He tipped his hat to us 

By Clif Knight  

The Knight brothers were an inquisitive bunch. We took notice of every living human being or animal that passed by on the narrow dirt road in front of our farmhouse in rural Clay County, Alabama.   

We dropped what we were doing and ran to the road to see something we’d never seen before – a pair of oxen pulling a wagon piled high with an odd assortment of farm implements. 

The driver was an old man who stood when he spotted us and tipped his worn felt hat to acknowledge our presence. He wore baggy overalls and dairyman’s boots and held a whip in his right hand.  

“His name is Riley Spears,” our mother said. “He and he and his wife are going to be our new neighbors.”  

We learned a lot more about Mr. Spears when he showed up at our back door with a letter in his hand a few days later. 

“He can’t read or write and needed someone to read the letter to him,” our mother explained.  It was from one of his three sons, each of whom served in the U.S. Army during World II. 

They had purchased a13-acre adjoining farmstead in 1947 as a means of getting their parents off the mountainside farm they lived on in the Shinbone community, where there was no running water or electric power.  

The old man’s farming methods were a throwback to the 18th century. His tools were handmade, and his family’s sustenance was limited – for the most part – to a milk cow, a hog, a few chickens and garden vegetables.  

His oxen had minds of their own when pulling a plow. When they got tired, they simply dropped to the ground and took a rest. When his whip lashes failed to get them up and going, the old man would simply walk to his house and sit down for a rest of his own. 

Another sight to see was his hog rooting around inside a pasture fence in the company of the oxen and milk cow. A triangular-shaped wooden yoke prevented the hog from straying outside the barbed wire fence.  

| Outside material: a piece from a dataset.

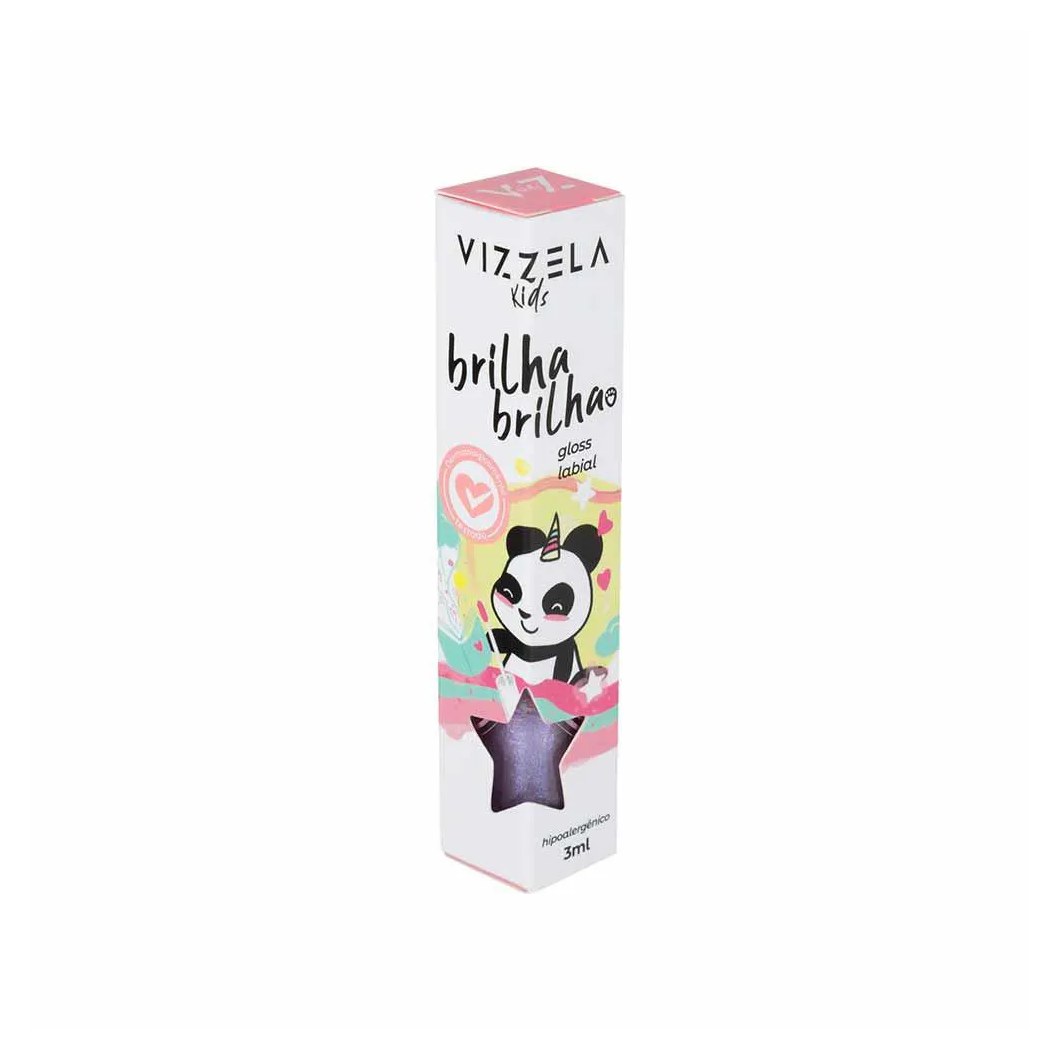 Gloss Infantil Vizzela - Brilha Brilha Aurora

The Spears’ were our closest neighbors and always welcomed our visits They had a big dinner bell hanging on a pole in their back yard, and we were on notice that if we heard the bell ring we were to respond in a hurry. When we visited, we carried our battery- operated Zenith radio. We’d tune it in to the Grand Ole Opry and listen to country music while sitting on their big front porch. Us siblings would soak up adult conversation with special interest in family histories and their struggles of eking out a living on a poor Clay County farm.